* _Task details_:
Below is a listing; print exactly its lines from the one containing "ACV D-44-1000-007 Universal" down to the one containing "Cadillac Mountain Summit", both inclusive, with every picture left out.

--- START ---

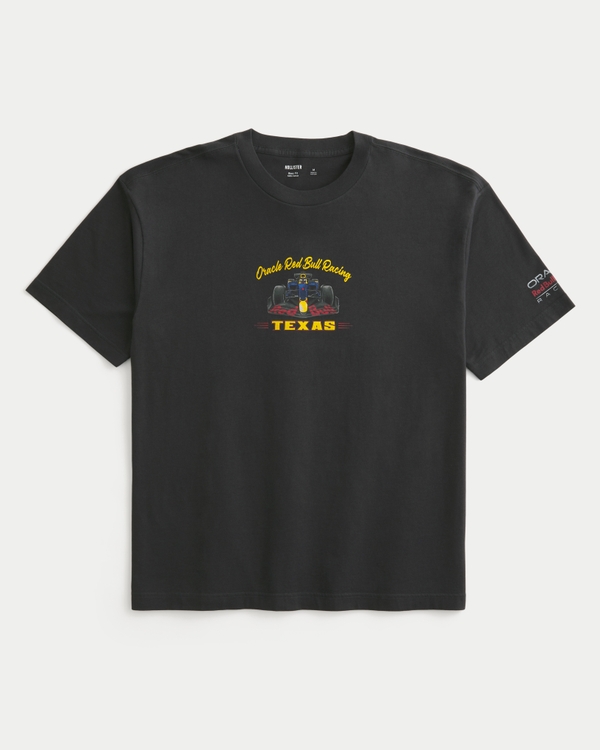Recht T-shirt met Oracle Red Bull Racing-print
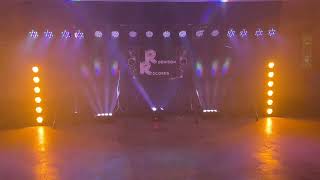 Custom light show using @DMXDesktop (early 2010’s Dance)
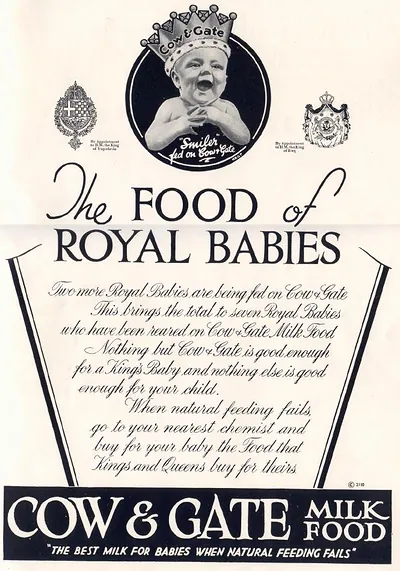Cow & Gate advertisement: The Food of Royal Babies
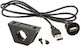 ACV D-44-1000-007 Universal Flush-Mount USB-A Extension Cord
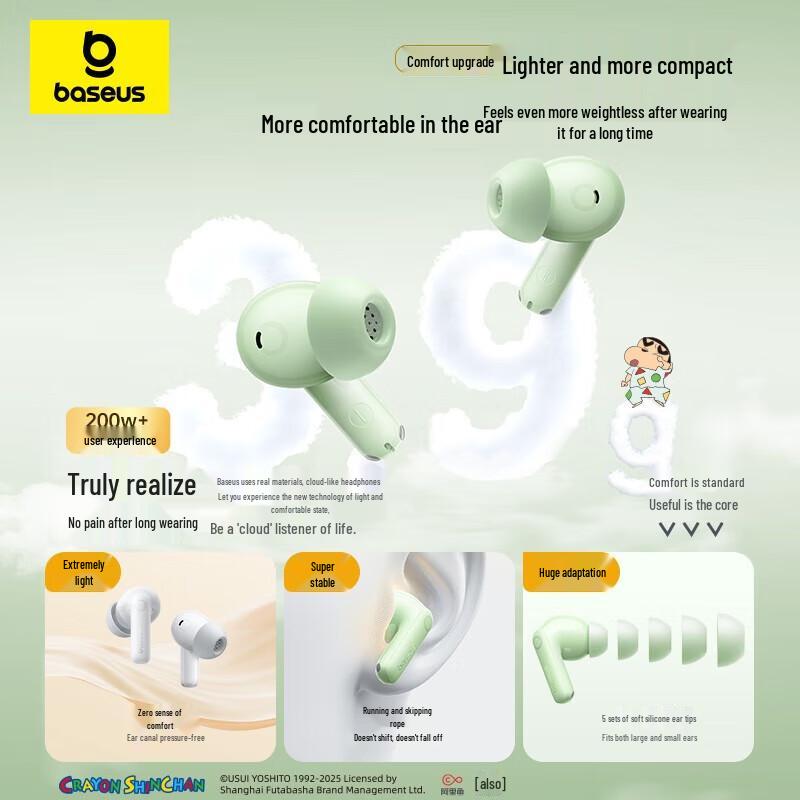 Baseus M3s Crayon Shin-chan ANC In-Ear Bluetooth Earbuds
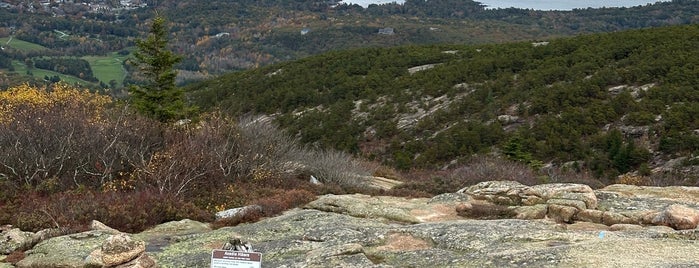 Cadillac Mountain Summit Marker is one of New England.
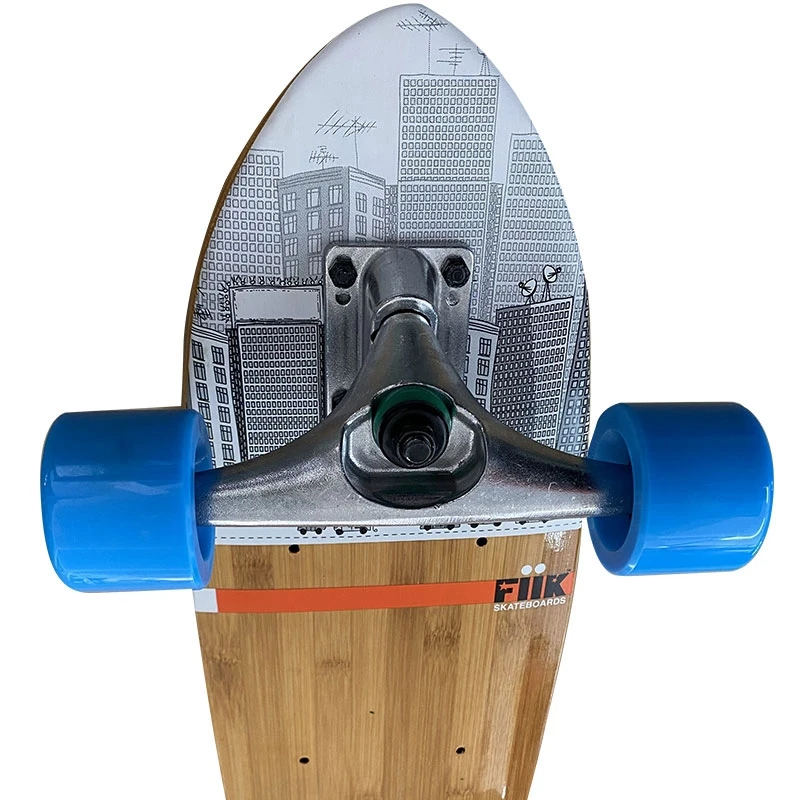 Скейтборд 67 5x11x19 см мини-скейтборд из бамбукового алюминиевого сплава скейтборд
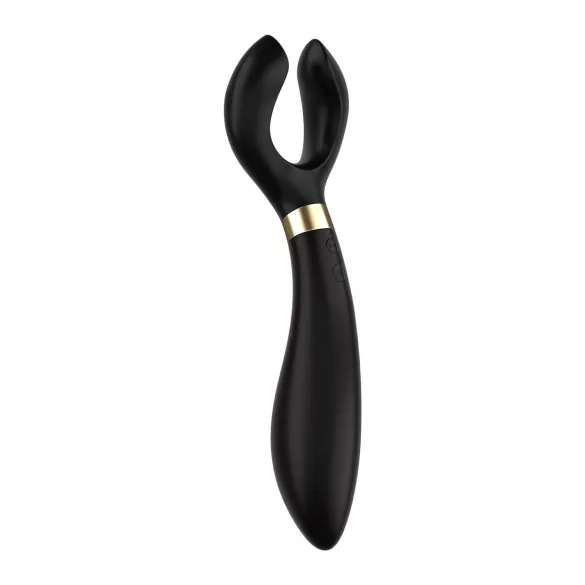 Satisfyer Endless Fun - vibromasseur couple rechargeable étanche - noir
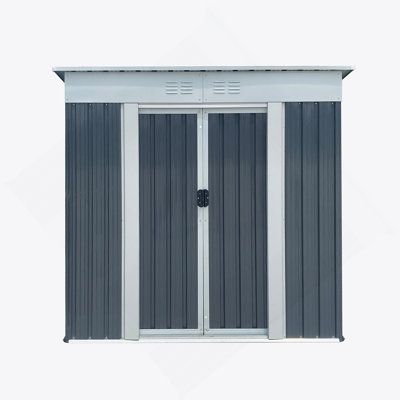 Outdoor Storage Sheds 6Ftx4ft Pent Roof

--- END ---

* _Result_:
 ACV D-44-1000-007 Universal Flush-Mount USB-A Extension Cord
 Baseus M3s Crayon Shin-chan ANC In-Ear Bluetooth Earbuds
 Cadillac Mountain Summit Marker is one of New England.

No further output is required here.